D’entrée, on est cueilli au plexus par la voix plus nasale et éraillée que jamais de Dylan (proche cousine ici de celles d’un Tom Waits et d’un Arno) revisitant, façon fin de banquet arrosé mâtiné de comédie américaine pastel, un Here comes Santa Claus d’extraction country à l’ancienne (son auteur est Gene Autry, célèbre cow boy chantant des années d’avant-guerre). La suite est du même tonneau. Culbutant dans le même mouvement traditionnels (dont O’come all ye faithfull, alias Adeste fideles), tubes incontournables (Little drummer boy) et curiosités. Dans cette dernière catégorie, on peut ranger I’ll be home for Christmas, avec ses chœurs angéliques et son interprétation qu’on jurerait imbibée, et plus encore The Christmas blues, criblé de dissonnances. Pas moyen de jeter la pierre au producteur puisque, derrière le nom de Jack Frost (qui est aussi le titre d’un film d’horreur des nineties !), se cache Dylan lui-même.

 

C’est donc avec perplexité qu’on voit se dérouler l’étrange conte de Noël voulu par Zimmerman himself, balançant entre emballements festifs (Must be Santa) et lenteurs étirées (O’ Little town of Bethlehem), avec steel guitar, trompette, violon, mandoline et accordéon en guise de décor. Quand se sont évanouies les dernières notes et que s’est tue la Voix, le fan fondu que je suis (je possède l’intégralité de l’œuvre officielle du maître, et même plus puisqu’affinités) s’est demandé s’il avait rêvé ; à qui s’adressent les quinze morceaux de Christmas in the heart. Probablement pas aux enfants rêveurs, à qui ça risque de faire peur. Guère plus à leurs parents, habitués aux sucreries du genre. Peut-être au peuple des admirateurs inconditionnels, enclin par nature à excuser, voire justifier, toutes les frasques de Sir Bob.

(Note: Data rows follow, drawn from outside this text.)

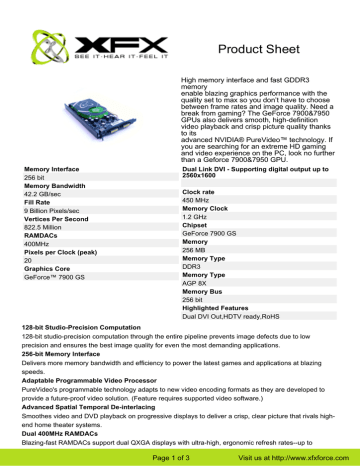 shader model 3.0 graphics card with 256mb of memory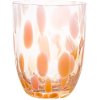 Anna von Lipa Big Confetti Tumbler Trinkglas 25 cl, Peach/Vanilla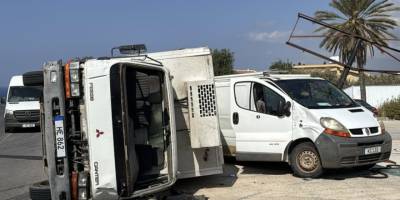 Yenierenköy-Dipkarpaz anayolunda trafik kazası… 1 kişi yaralandı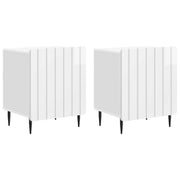 Noćni ormar 2 pcs Bijela visokog sjaja 43 x 34,5 x 52 cm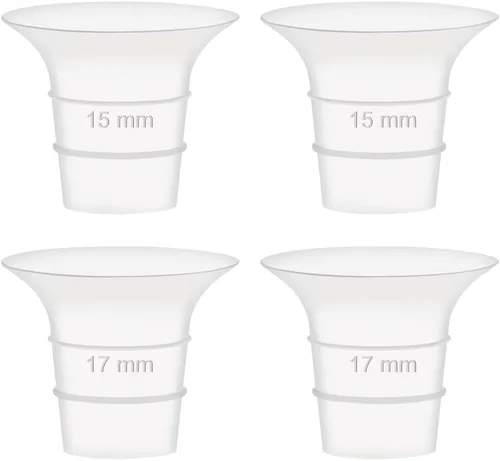 Miniatura 18 de Maymom Inserto de brida de 0.512 in compatible con Medela PersonalFit 0.945 in Flex, Elvie Single/Double Electric, Elvie Stride 0.945 in Wearable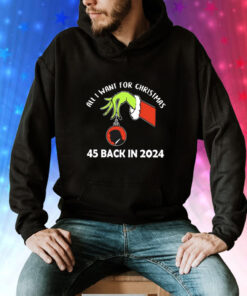 Grinch Hand All I Want For Christmas 45 Back In 2024 Donald Trump Hoodie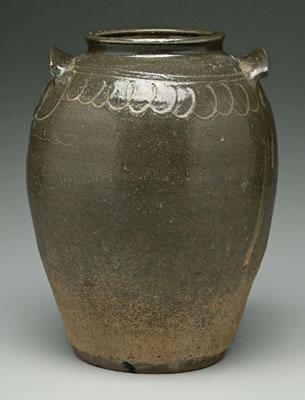 Decorated Edgefield pottery jar  920dc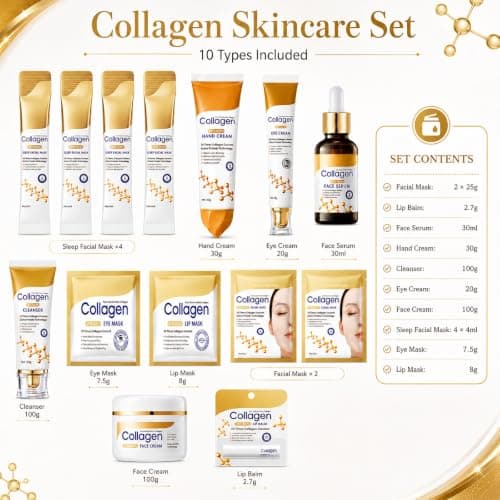 14PCS Skin Care Set, Collagen Gifts For Her With Niacinamide Face Care — view 2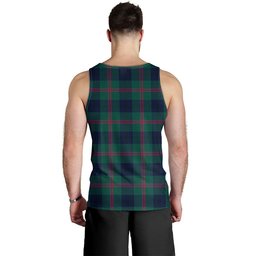 ScotsTee Shop Scottish Laurie Modern Clan Crest Personalized Tartan Tank Top for Men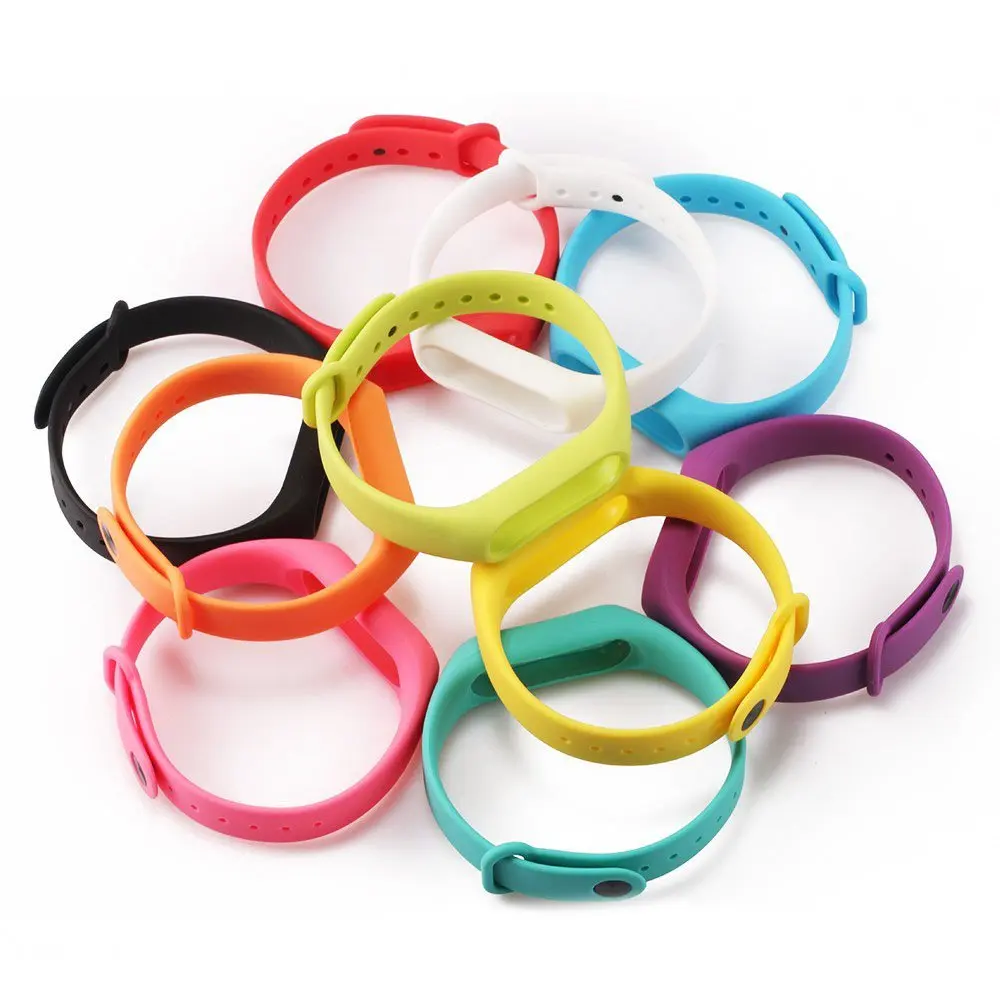 

For Mi Band 2 Bracelet Silicone Strap Replaceable Smart Band Accessories Candy Colors Wristband For Xiaomi Miband 2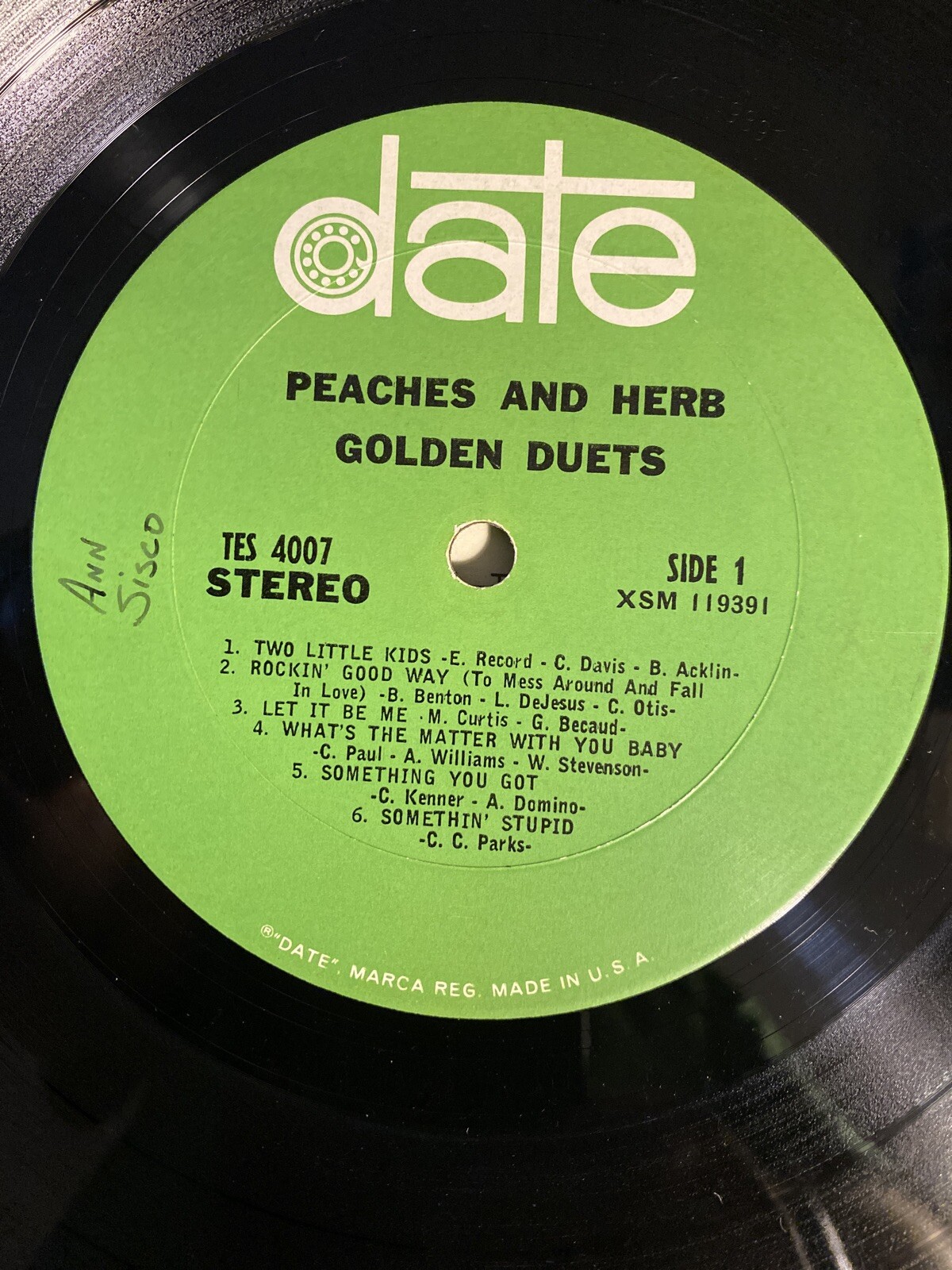 Peaches And Herb Golden Duets LP TES 4007 Date 1968 1st USA Vinyl Record eBay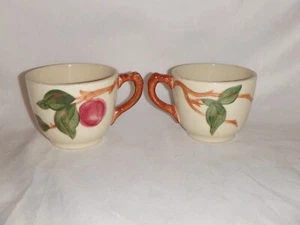 2 VINTAGE FRANCISCAN APPLE 2-3/4" SMALL COFFEE TEA MUGS USA - Picture 1 of 10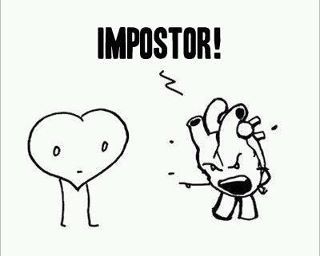 Heart Imposter Science Jokes, Medical Humor, Science Humor, Humor Grafico, Nurse Humor, E Card, Love My Job, Bones Funny, Cartoon Character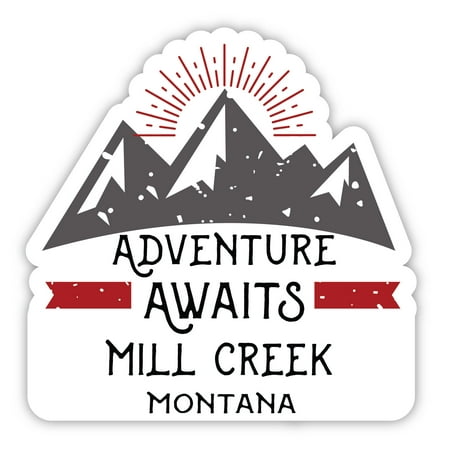 Mill Creek Montana Souvenir 4-Inch Magnet Adventure Awaits Design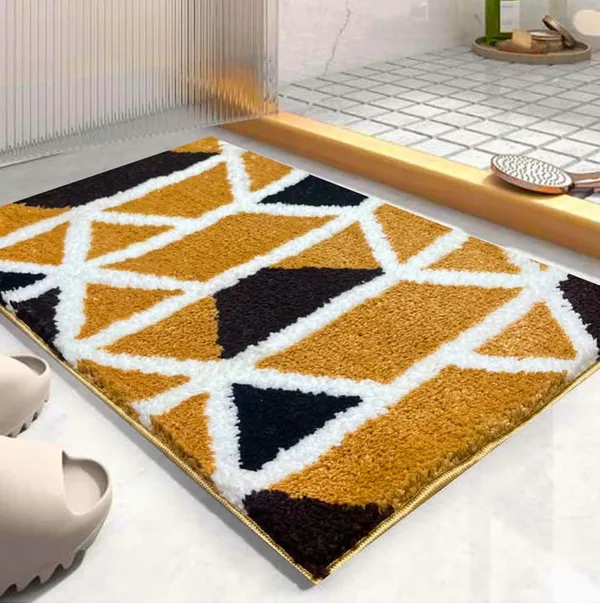 Plush_Geometric_Pattern_Bath_Mat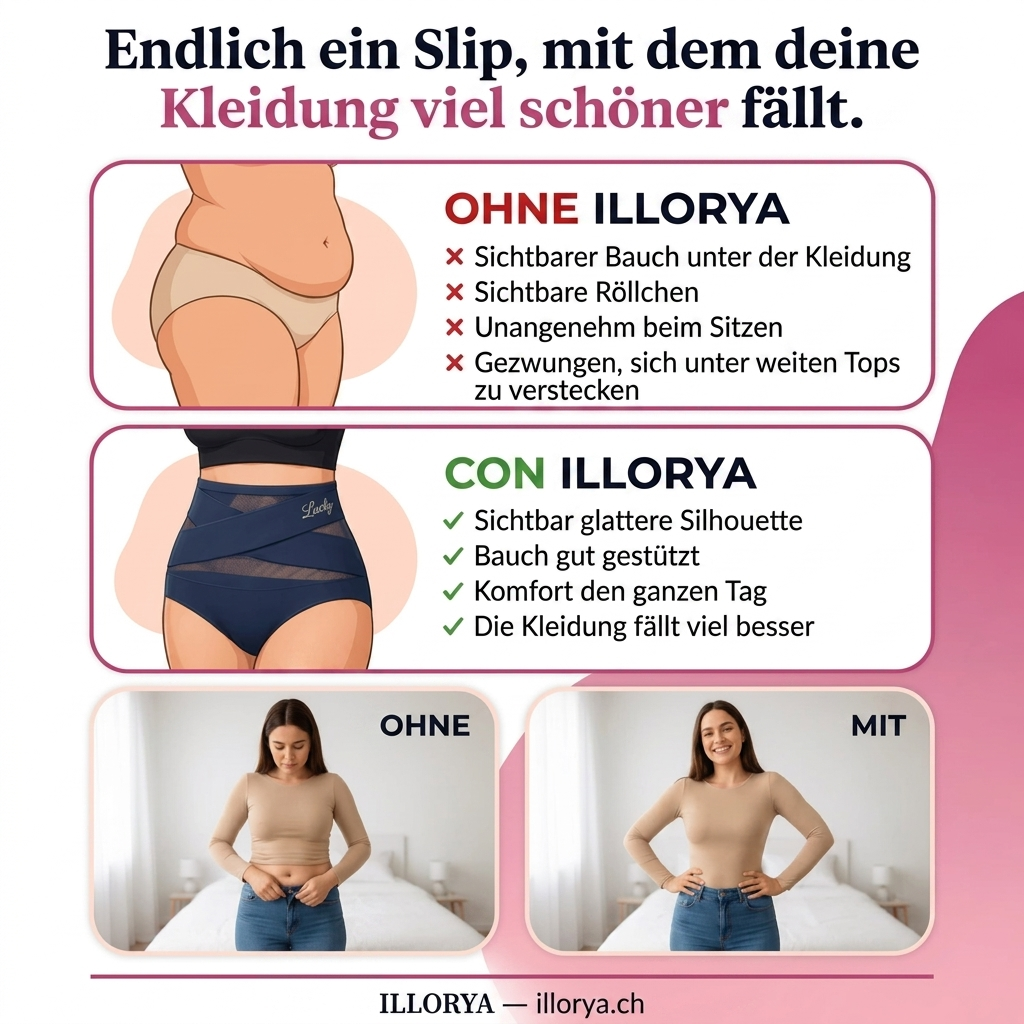 Formender Slip mit hoher Taille — Nahtlose Bauchkontrolle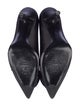 Stuart Weitzman Satin Bow Accents Pumps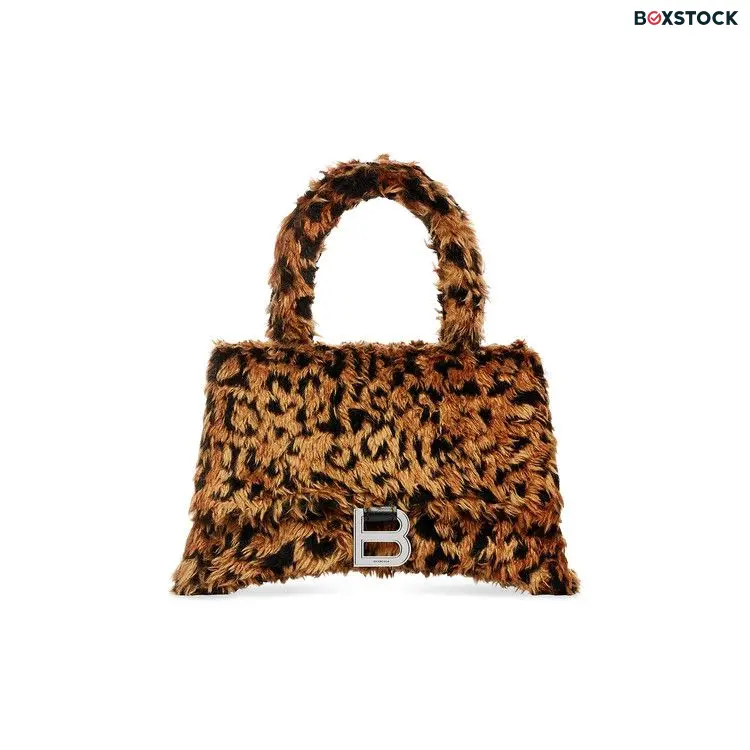 Balenciaga Hourglass Small Handbag With Strap 'Beige/Brown' Tan Fall/Winter 2023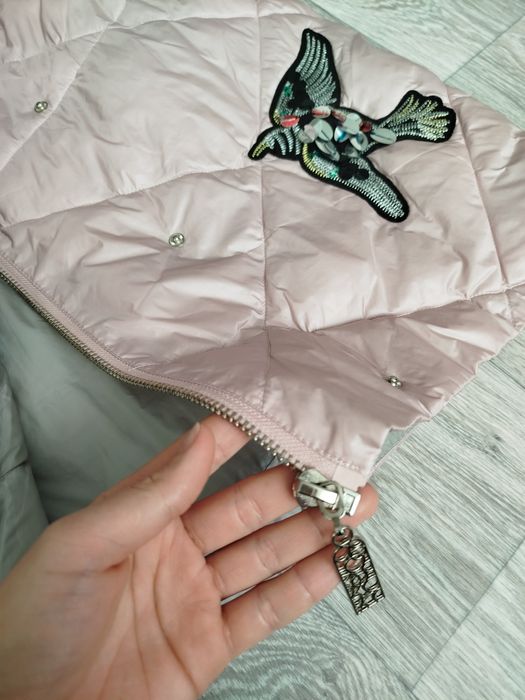 Куртка рожева, М довга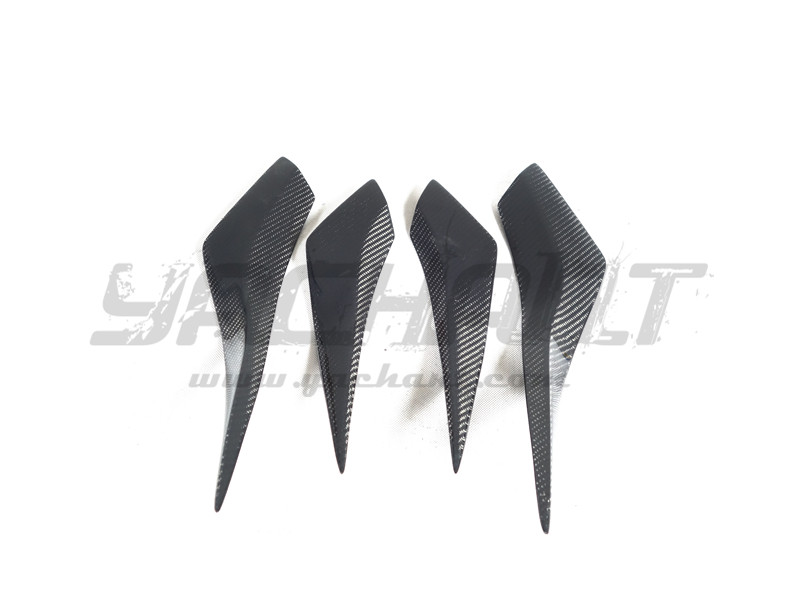 Trade Assurance Carbon Fiber Front Canards Fit For 2014-2017 i8 Electric BRSK Style Front Bumper Canards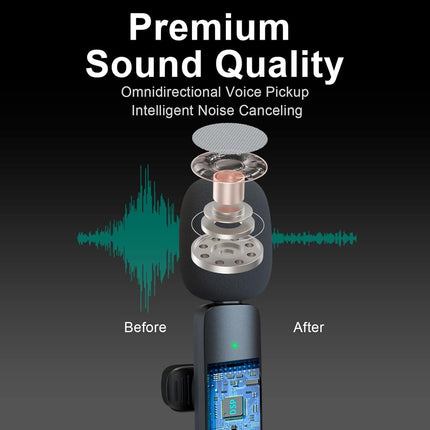 Professional Wireless Lavalier Microphone for Phones and Tablets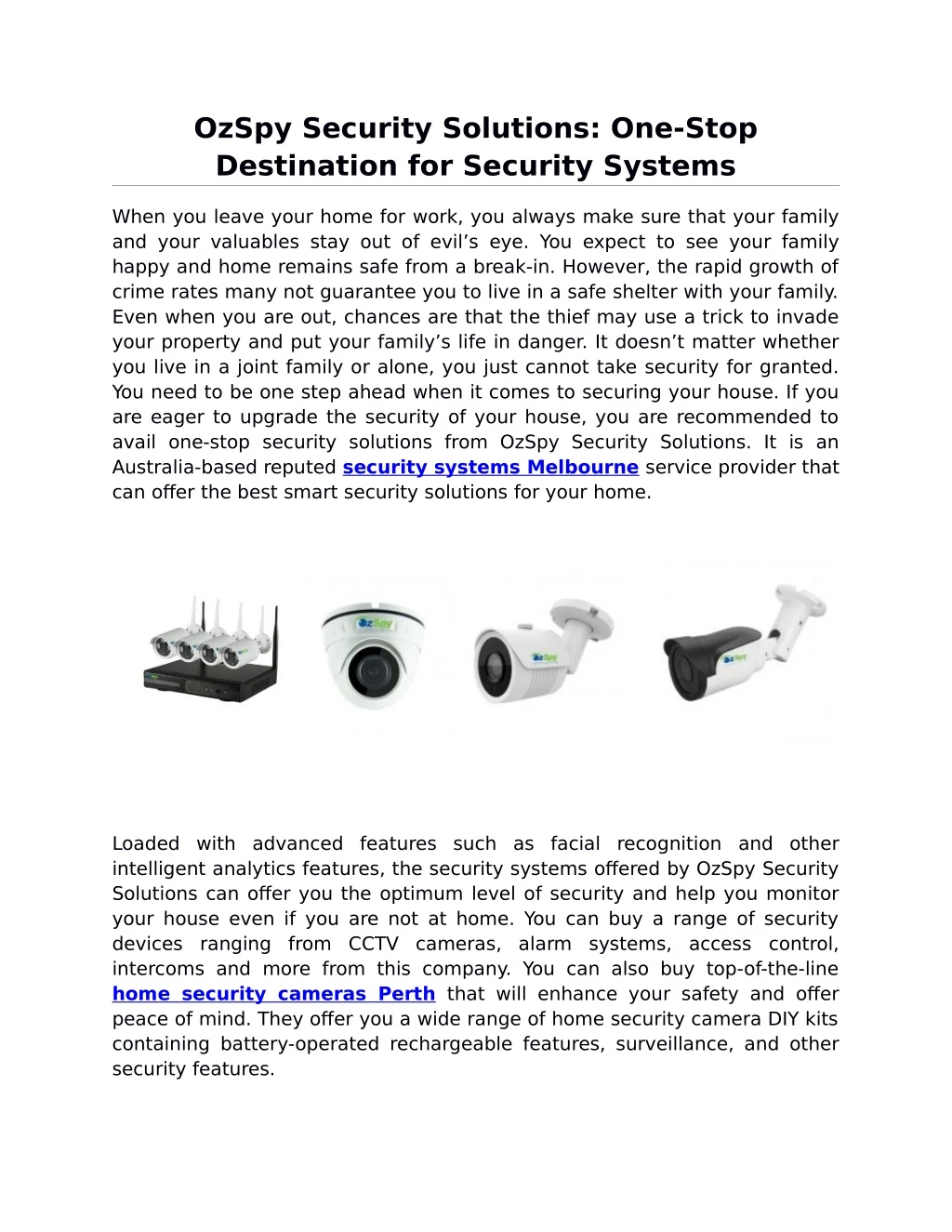 ozspy security solutions one stop destination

Pour dénicher un début d’explication, il faut passer au crible, façon “Expert de Miami”, l’habillage du CD : côté face, une image d’Epinal (dans la neige, un traîneau et ses deux passagers emmenés grand train par deux chevaux) ; côté face, les ombres des Rois Mages se découpant nocturnement sur le sable du désert. Rien que de très convenu jusque là, direz-vous. Certes, mais retournez le maigre livret et découvrez plein écran une affriolante pin-up (Betty Page, l’icône érotique des années cinquante ?) tenant dans sa main droite un Père Noël modèle réduit aux allures de sex toy décalé. Ouvrez maintenant la double page centrale illustrée d’une photo en noir et blanc : quatre musiciens déguisés en Santa Claus avec barbe et bonnet de circonstance, l’air absent, comme après une nuit de ribote. Bon sang, mais c’est bien sûr ! Bob 1er s’est une fois de plus amusé à brouiller les pistes et son Noël en trompe-l’œil, si peu  saint-sulpicien, pourrait bien être un pied de nez au genre, tout en s’y glissant masqué. On croit alors un instant tenir un bout de la pelote menant à la solution de l’énigme. Et puis on se met à douter, car Bob est un homme de foi, même s’il a connu dans le domaine d’extrêmes variations. Alors ? Alors rien, ou presque. L’enquête continue. Le soupçon, même, devient quasiment parano. Le chromo de la pochette ne  vous rappelle t-il pas une autre image ? Celle d’un autre traîneau, avec deux passagers, dévalant la montagne enneigée à la fin du Bal des vampires de Polanski ? Allez, on se calme et on réécoute l’objet du délire. Parole : au troisième passage, j’ai commencé à craquer sur certains titres. Je me suis alors marré en marmonnant : sacré Bob ! Puis j’ai pensé à l’association humanitaire Feeding America à qui seront reversés les royalties des ventes de cet album pas très catholique (au sens “inhabituel”, hein). Sauf surprise, elle ne devrait pas décrocher le jackpot. Mais sait-on jamais.